Coming to terms with the original covid-19 virus, doing hand washing mask wearing and social distancing, avoiding crowded places, working from home, etc - after a while I felt my actions could just about prevent me getting it. And so far I have indeed avoided it, though it isn't such a great life.

Now, this new variant with 70% greater transmission, has caused me to question my thinking. It used to be more than 15 minutes within 2m of an infected person, the threshold of the covid-19 app, a lot more people are going to catch this new variant. I wonder which of my assumptions are no longer valid and if it will be possible for me or anyone else to continue avoiding infection?

I share your concern. Living in the deep purple zone it seems like the original fears about the virus from March are being realised in terms of transmission ability. I reckon it has followed public transport routes this time round. Look at Basildon, Barking, ect on the C2C line and a few weeks back it almost seemed to be following bus routes in some areas.
 
I share your concern. Living in the deep purple zone it seems like the original fears about the virus from March are being realised in terms of transmission ability. I reckon it has followed public transport routes this time round. Look at Basildon, Barking, ect on the C2C line and a few weeks back it almost seemed to be following bus routes in some areas.
I am thinking about some of the South London pockets around Woolwich heading south in particular. With the old variant if you wore masks you were generally OK. With this one you can not rely on masks when in close proximity. It didn't help when the train frequency was massively reduced in November due to staff shortages and C2C wanting to make some extra cash. People were going ballistic online locally because what had been socially distanced train journeys of 30 minutes or so were becoming really scary events due to trains every 20 minutes instead of 5. It felt mad to be in a socially distanced work place, whether an office or a building site, and then staring at a stranger's armpit all the way home. And there were people on the trains with what sounded like covid coughs which was terrifying. I remember getting onto one carriage and there was one bloke with a massive space around him coughing every minute or so from behind his mask whilst the other passengers had their backs turned. Crazy.
 
Coming to terms with the original covid-19 virus, doing hand washing mask wearing and social distancing, avoiding crowded places, working from home, etc - after a while I felt my actions could just about prevent me getting it.
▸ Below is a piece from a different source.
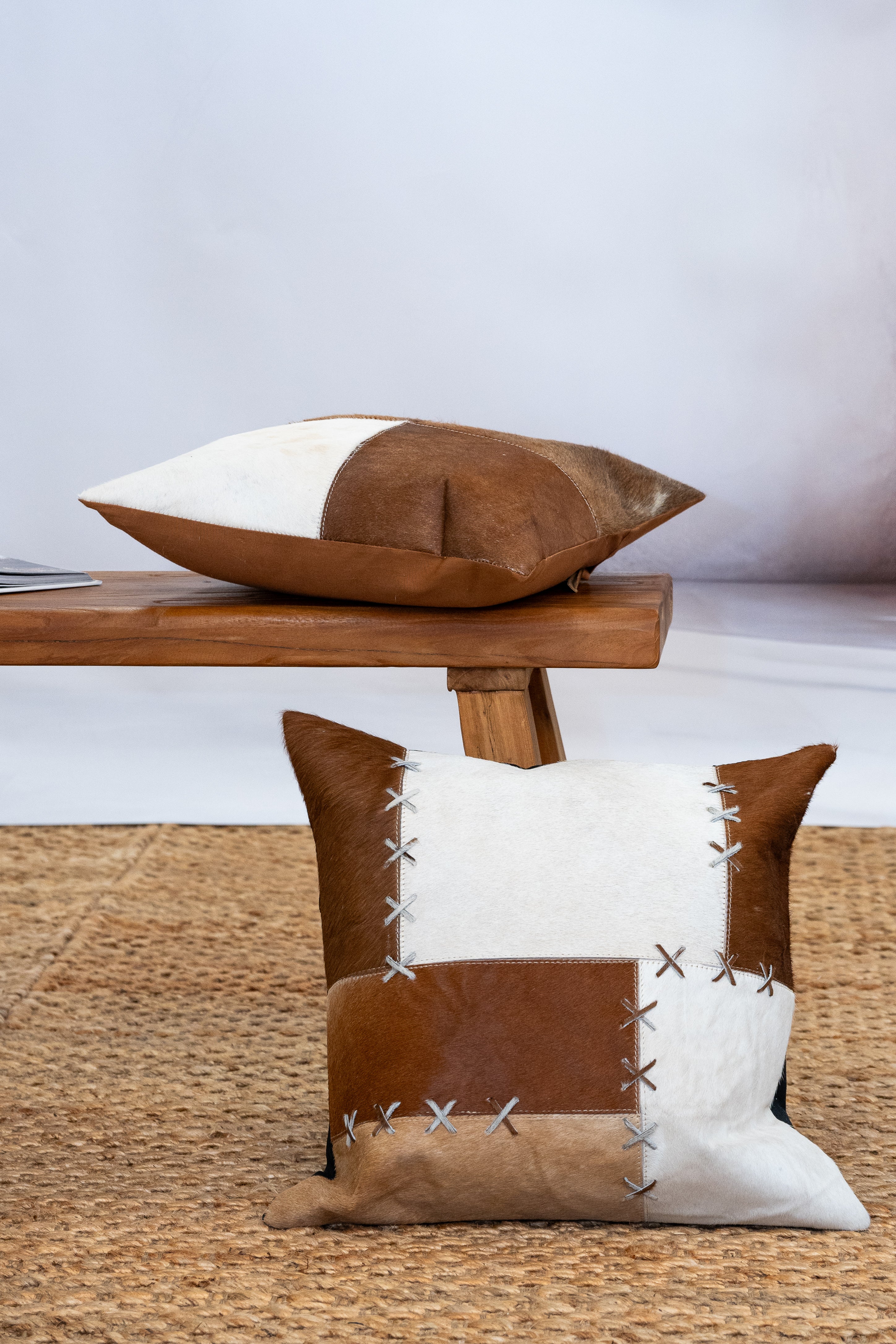 Luxe Handmade Cowhide Cushion - Rustic Patchwork 45x45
And so far I have indeed avoided it, though it isn't such a great life.

Now, this new variant with 70% greater transmission, has caused me to question my thinking. It used to be more than 15 minutes within 2m of an infected person, the threshold of the covid-19 app, a lot more people are going to catch this new variant. I wonder which of my assumptions are no longer valid and if it will be possible for me or anyone else to continue avoiding infection?
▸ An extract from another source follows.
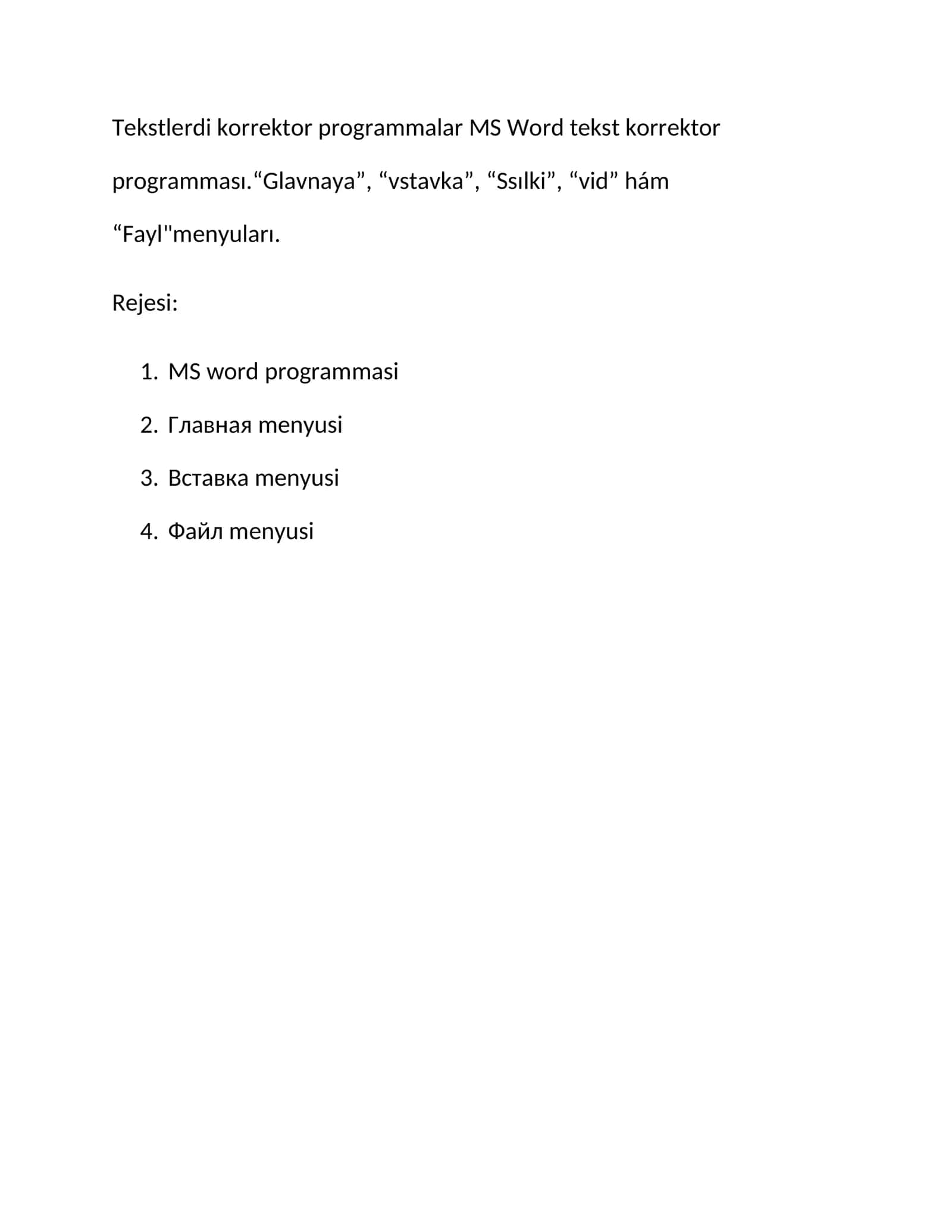MS Word tekst korrektor programması 1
Did you have the same thoughts when you considered winter? Its a similar thing really, there are all sorts of variables that affect risk, mutations are part of that picture, not unique in that respect, not a cause for defeatism about personal chances of catching it.

Indeed if the response to this strain is stronger than the winter response would otherwise have been, if it gets people to take things more seriously, if it affects behaviour in a way that reduces the opportunities for the virus to spread, then the new strain (or rather our awareness of it and response to it) could even end up reducing your risk of catching the virus.
 
Went to the supermarket this afternoon (in South London) and it was very normal (for this year), other than that they'd reinstated having a staff member at the door to offer hand sanitizer. They've been excellent, and really conscientious throughout this whole thing. And it felt very reassuring a few weeks ago when they added an extra shelf to their aisles, holding the still boxed/crated stuff that I guess they usually keep out back. It creates the impression that food and essentials aren't in danger of running out, to me at least, and that seems to be borne out by the rest of the shelves remaining full/ not worryingly empty, no long queues and no overstuffed trolleys.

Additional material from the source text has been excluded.